Il devient donc nécessaire de se focaliser sur une modélisation quantitative et qualitative. En effet, les recherches se heurtent au volume souvent important des données, leur hétérogénéité lorsqu'elles sont issues de différentes sources, leur qualité, et leur niveau de détail trop fin pour donner une vision globale de l'activité. De même, la réplication du SARS-CoV-2 peut être considérée comme un système dont les variables d'entrées et d'états sont des fonctions du temps. Ce type de système complexe peut être simulé par des modèles à événements discrets, comme le formalisme DEVS (pour Discrete Event System Specification).

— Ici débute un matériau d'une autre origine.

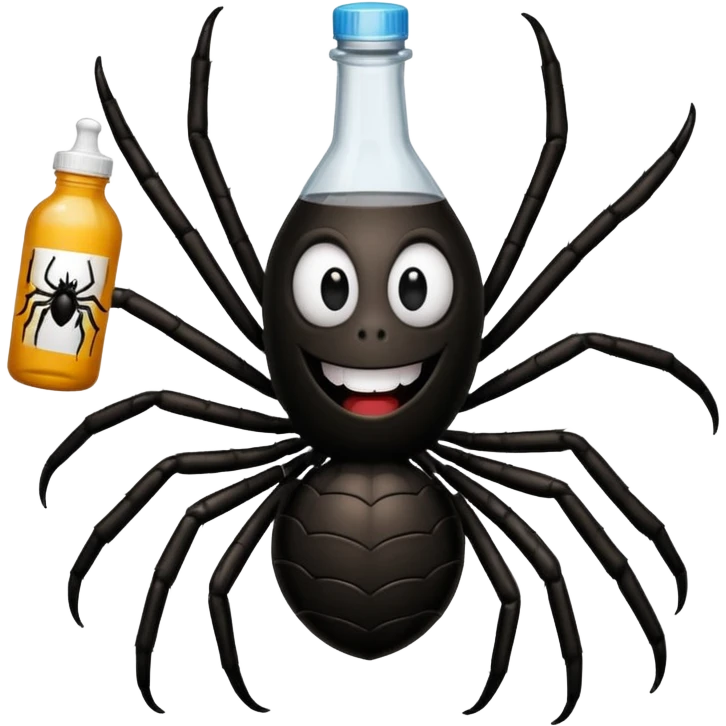 wesoły śmieszny pająk z butelka jadu i podpisem cześć emoji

L'étude vise à proposer une approche hybride permettant, de manière qualitative et quantitative, de mieux comprendre les mécanismes moléculaires de la réplication virale. Ces travaux vont permettre d'identifier de nouvelles cibles pharmacologiques pouvant déboucher sur des stratégies antivirales. Claudia Frydman et son équipe s’intéresse spécifiquement à une enzyme essentielle à la réplication du virus, l'ARN polymérase ARN-dépendante (RdRp).

L’approche du projet PullCoVapart repose sur l'utilisation l'Intelligence Artificielle (technologies sémantiques associées à la simulation à événements discrets) pour caractériser les performances de l'ARN polymérase du SARS-CoV-2.

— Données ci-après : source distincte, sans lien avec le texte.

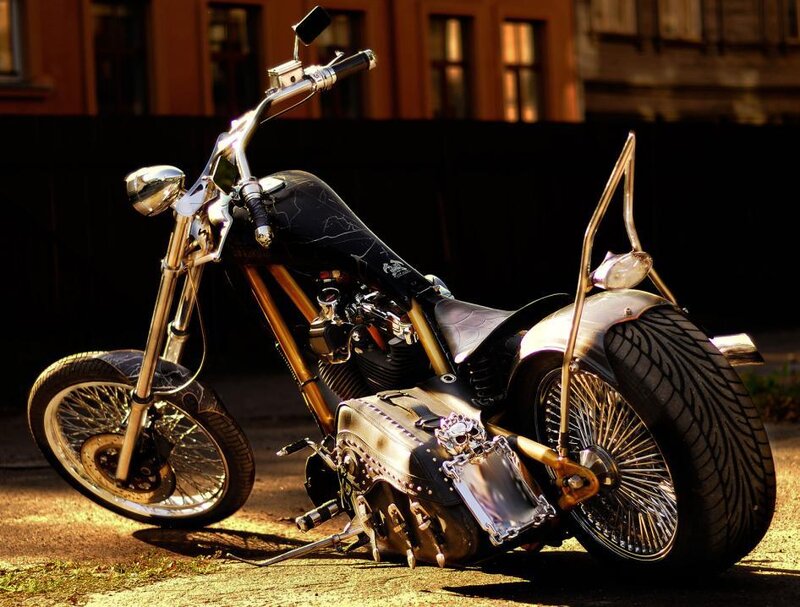 Custom Chopper Motorcycle — Black, Dramatic, Sunset, Photograph, Building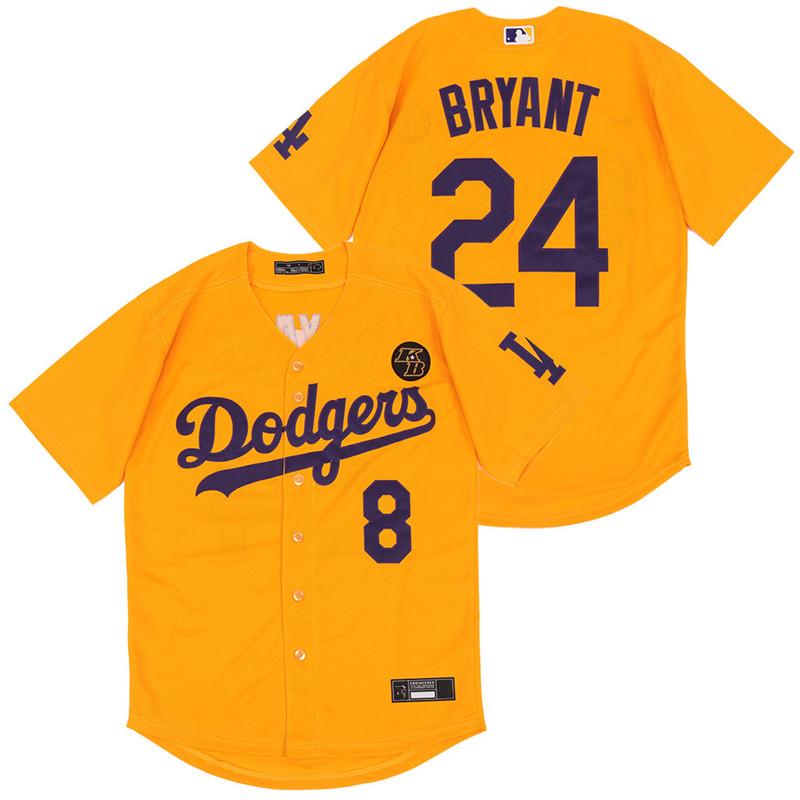 Dodgers 24 Kobe Bryant Yellow 2020 Nike KB Cool Base Jerseys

L'un des principaux objectifs de l'étude est d'enrichir les modèles formels existants avec des aspects temporels associés à des règles pour simuler l'activité de l'ARN polymérase du SARS-CoV-2 en fonction des propriétés de l'ARN viral. Les modèles ontologiques ne peuvent pas simuler de larges quantités d’informations et la dimension temporelle est assez limitée. D’où l’idée de les associer à des modèles de simulation à événements discrets ayant la capacité de modéliser, analyser et simuler la dynamique et le comportement des systèmes complexes.

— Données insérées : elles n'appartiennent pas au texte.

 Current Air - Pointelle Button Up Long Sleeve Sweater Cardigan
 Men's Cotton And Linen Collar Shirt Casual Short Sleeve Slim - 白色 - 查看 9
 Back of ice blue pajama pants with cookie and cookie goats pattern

Dans ce type de modélisation, le changement de l'état d'un système, au cours du temps, est une suite d’événements discrets qui arrivent à un instant donné et modifient l'état du système. En outre, la simulation est utile lorsque l'incertitude est élevée en raison de la rareté des données, et pour l'expérimentation dans un environnement à faible risque.

Associant les avantages de chacun des deux modèles qualitatif (modèle ontologique) et quantitatif (modèle de simulation DEVS), nos travaux consistent à générer des modèles de simulation d'événements discrets à partir de la nouvelle ontologie de domaine Covid-19 enrichie, combinée à des règles de raisonnement SWRL (un langage de règles pour le web sémantique) développés conjointement avec les experts biologistes. Ensuite, les modèles de simulation seront exécutés pour reproduire le cycle réplicatif de la polymérase du SARS-CoV-2, permettant aux biologistes de suivre l'activité enzymatique de l’ARN-polymérases ARN-dépendantes et générer des prédictions virtuelles de l'efficacité de cette enzyme en fonction de la séquence d'ARN virale fournie. D’autres modèles de simulation, consistant en des automates cellulaires, s'intéresseront à la modélisation de la propagation du virus au sein des cellules présentes sur la paroi des voies respiratoires, mais aussi sur celles des vaisseaux sanguins ou encore des intestins.